Go back to the first posting on this string and think about your chances of even staying at the Belaire are based on that ex Belaire employees posting. 

The problem they supposedly had bringing in US money into Mexico and not Pesos is IMHO is  not even close to being believable.  Almost every one who comes in from the US brings dollars and have many places to exchange money.      Mexico needs that investment  money and maybe that is the reason why they let the Timeshare developers do what a lot of them do to their buyers. 

In regards to the rainy season this is the second,  third or fourth year they have been advertising and selling.

Lets not forget the lies about no income  tax  on doubling your money that have been told on  some of the 3  Belaire strings.
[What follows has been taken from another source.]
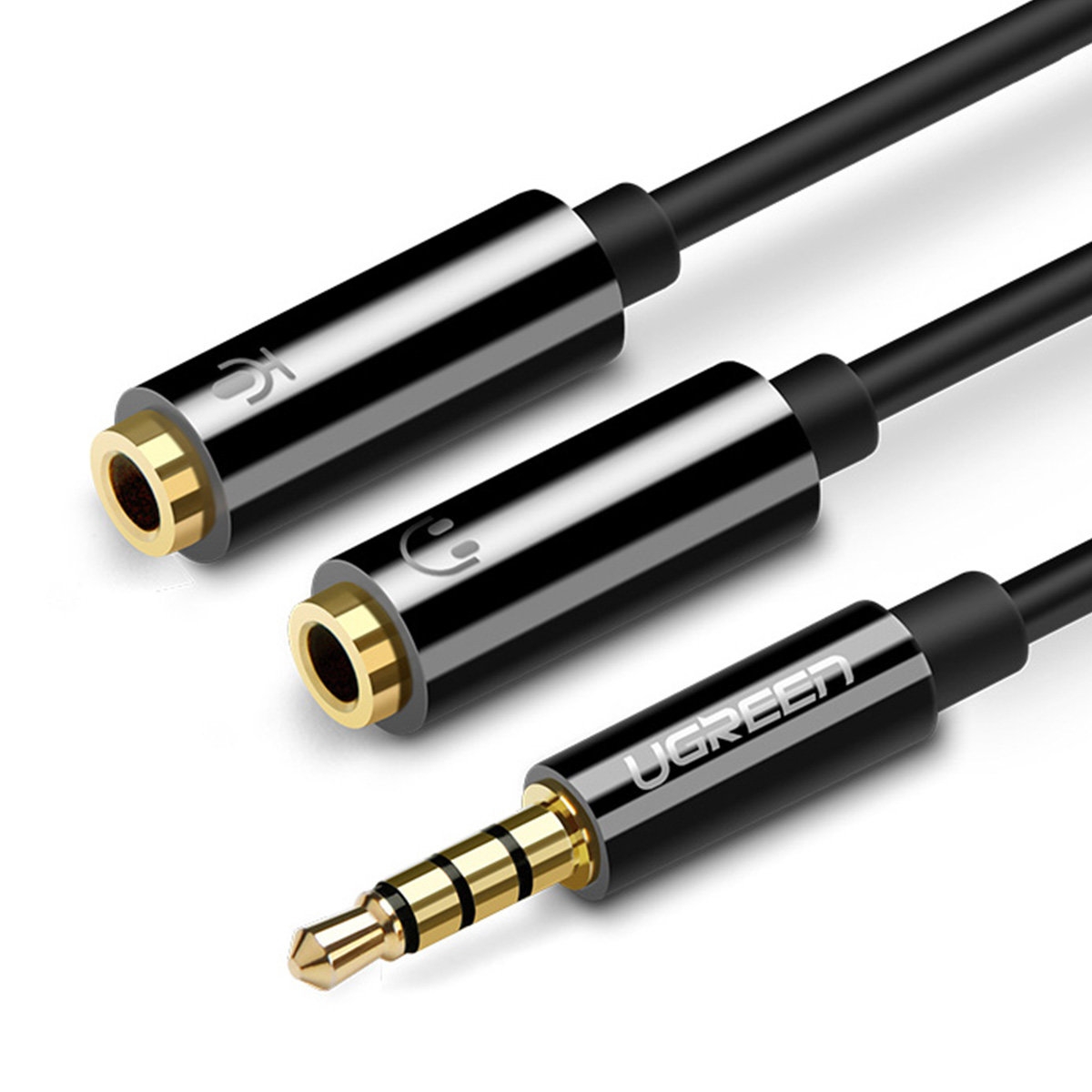 Φωτογραφία προϊόντος: Καλώδιο 3.5mm male σε Splitter 3.5mm female Μαύρο 0.2m - Ugreen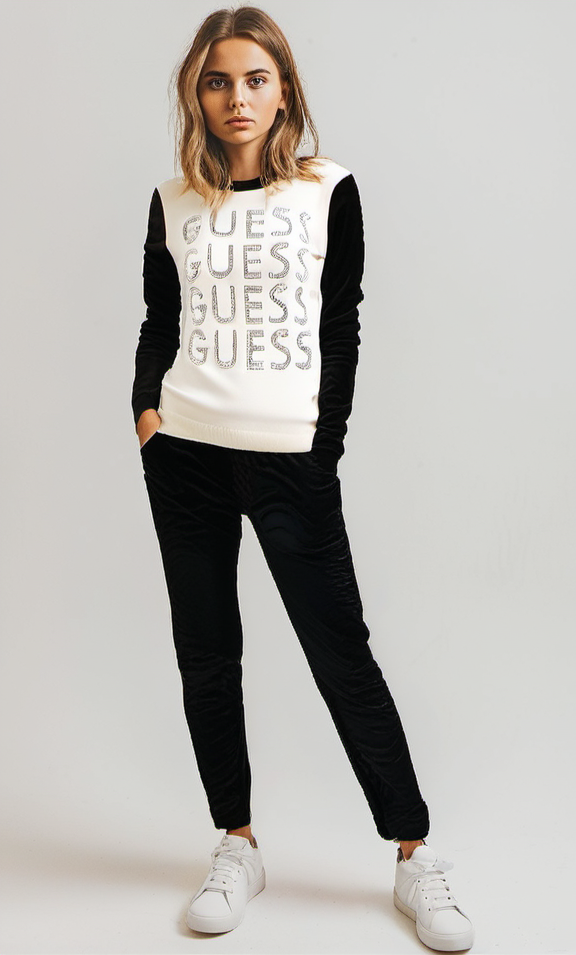 Guess Women Long Sleeve White/Black Winter Top - Small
Those who bought because of those promises were victims of their own greed.


The untruths by the Belaire  being addressed in this posting of mine are just a  very small percentage of the provable Belaire lies in the 3 Belaire strings.


To the ones who are saying do not be negative if a muddy hole in September 2008 after advertising since 2005 is a sign of progress then I do hope it is built for their sake.

But if a person has noted all of the lies told by the Belaire noted in all three strings, IMHO a rational person after reading about all of the broken promises and lies would try to bail even if they would lose their deposit and a few payments..

I am glad after being awed  by the sample unit we  rescinded  our small $5,950. Belaire Club contract  for (supposedly) 10 weeks usage in any size Belaire unit.  We rescinded   last September  13, 2008 one day after our Wedding Anniversary,  and  not have that sick feeling that a lot of the Belaire buyers have posted about. The first post in this string tells me that we would not gotten access even through it was in our contract.

I feel so very fear full for those who bought over a year ago and only have a mud hole at this point to point at as a sign of building progress.

Bruce


----------



## pammex

missdaisy10 said:


> Panmex:  When I re-read what I wrote, I can see why you might think I was upset with you.  I'm not.  The only people I am upset with are at Belaire.  I merely wanted to point out what they are...habitual liars.  Because they are, I am sure we can trap them into more contradictory statements if we try.  But why bother?  They are what they are and they don't really care what we think or what we demonstrate they are.  The depend on "There's one born every moment..." and when the last one in PV runs out they will either retire on the millions they have already foisted or come up with another, even better conceived scam somewhere else.  Besides, they won't talk to me since I am a "former" member who's contract was cancelled and funds forfeited when I dared to file a dispute with my credit card company.  Which is a story for another posting...



missdaisy, yes I did kind of think you were upset with me and I am just trying to help and feel so bad for all of you.  I too am upset at Belair and all the people they have hurt financially and psychologically.
I suggest showing their discrepancies to maybe prevent others from falling into the same situation and also to maybe help in the dealings with profeco and also to keep enlightening those who are being so aptient and faithful which I truly pays off for them in the end...but I have my doubts..BIG ONES!  

You cancelled but forfeited your money??  Pls. share the story with us....I am sorry if you too lost money, but I am hoping it was not a hefty amount, though any amount is unsatisfactory I know.  



Snappy Sam said:


> Missdaisy...Don't leave us hanging...please share the story!!!!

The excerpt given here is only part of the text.